I turned to Isu. “Do you know what this ‘weapon of power’ might be? Is there some sort of rivalry between the Death God and the Blood God I should know about?”
“Many ancient weapons of great power have been lost,” she answered. “Weapons that only gods could wield. Perhaps the hag found one… perhaps she didn’t. Perhaps she’s completely insane, and her dreams are nothing but a coincidence. Who can say?”
“You,” I stated plainly. “You were the God of Death once.”
She shrugged. “I’m nothing but a necromancer now.”
“And the Blood God?”
“He’s an ancient entity, one my fellow deities—excuse me, former fellow deities—thought they had defeated. But now, it seems that he is rising from the ashes of the past and gathering more followers, growing in power. Perhaps you will grow strong enough to defeat him before he grows too powerful. Or perhaps he will crush you and the rest of the gods and hurl this world into an abyss of darkness. Who knows? Not me, not a mere necromancer.”
Drok watched her leave, scratching his chin and furrowing his brow. “That one, she crazy,” he said. “She talks in riddles, answers question with question. Crazy. And why she have horns on her head?”
“It’s a long story, Drok,” I said with a sigh. “Maybe I’ll tell you the whole thing some time.”
“On the journey to Wastes?”
“I can’t drop everything and travel there with you. Not just yet. Not until I’ve killed Rollar and got his map. Certainly not until I’ve taken the lordship of Brakith back from my cock-sucking uncle.
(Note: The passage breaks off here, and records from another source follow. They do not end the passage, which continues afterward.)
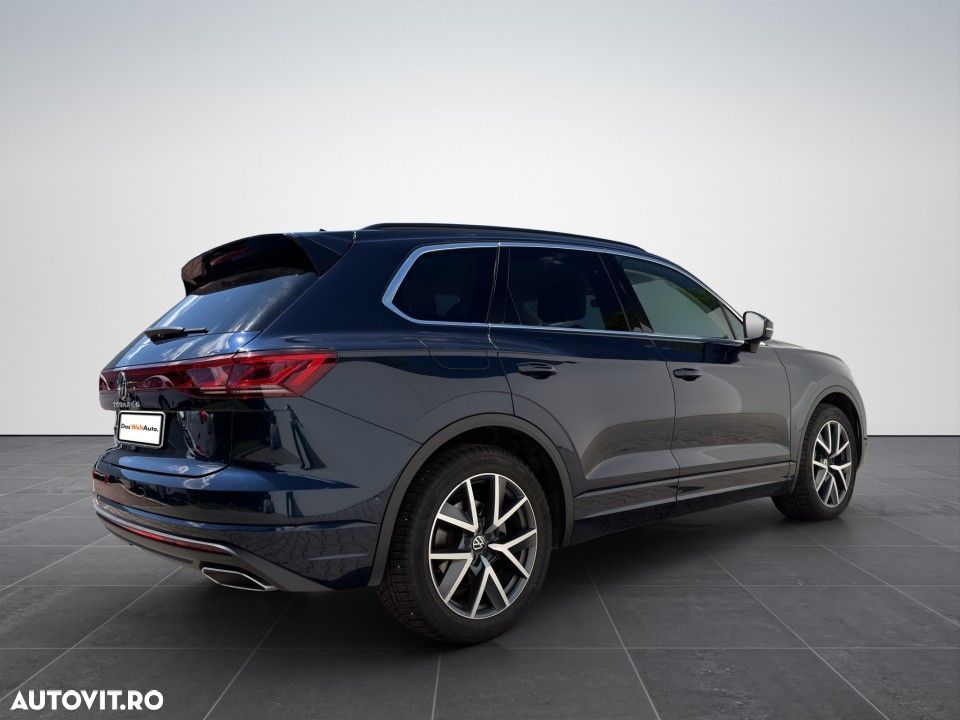 Volkswagen Touareg - 8
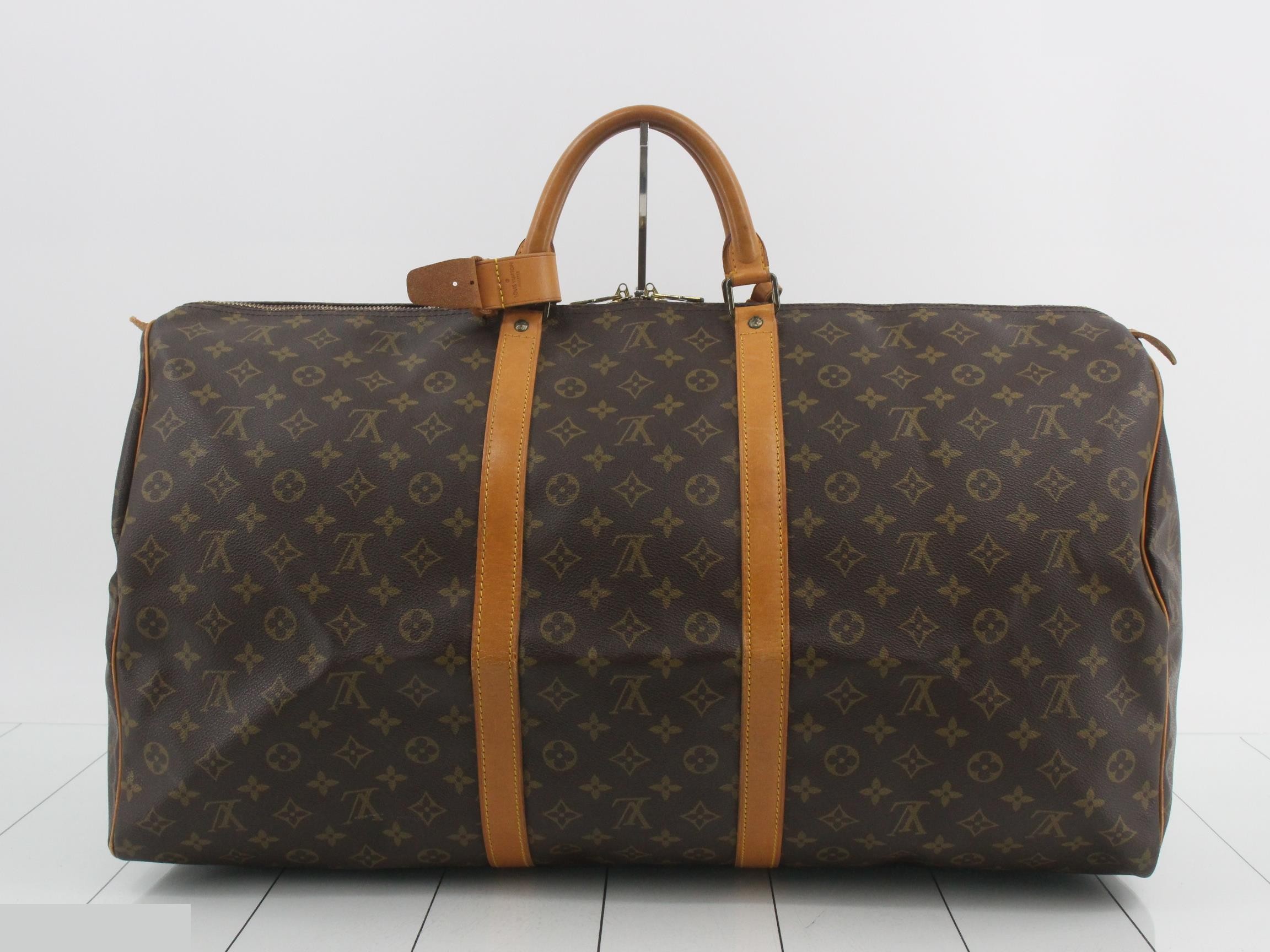 Monogram Keepall 60 — view 2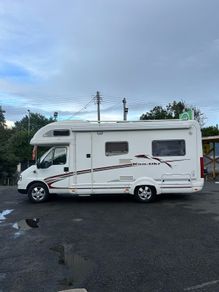 NI 4-Berth 2006 Swift Kon-Tiki 615 2.8 TD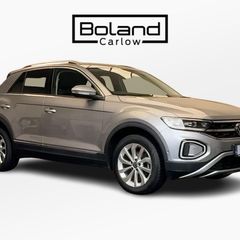 Volkswagen T-Roc 2024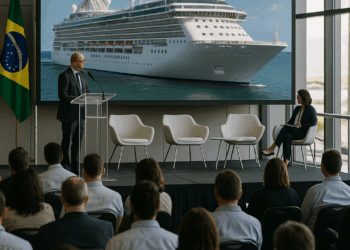 La Corporación de Puertos del Conosur se involucra en destacado foro de cruceros en Brasil. – Dimension Turistica Magazine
I’ll have to kill him, too.”
“You say you must kill people?” Drok asked.
“Those two I mentioned, yes, and likely many more. I am the God of Death, after all.”
“I like to kill people! I help you kill people faster, help you finish your quests. Then, you go with Drok to Drok’s home and meet wise woman.”
I grinned. “I could use a hulking brute like yourself. No offense, of course.”
“Drok be Vance’s hulking brute!” He raised his hand, and I lifted my own. When he clapped my hand, I staggered back a few steps.
“Very good,” I said as I wiped yet more gore onto a dead soldier’s tabard.
Drok beamed another one of his crooked-toothed smiles, and a waft of his breath hit me almost as hard as his meaty fists could have. I wanted to double over and spew the contents of my stomach all over his bear fur boots, but I managed to overcome this urge.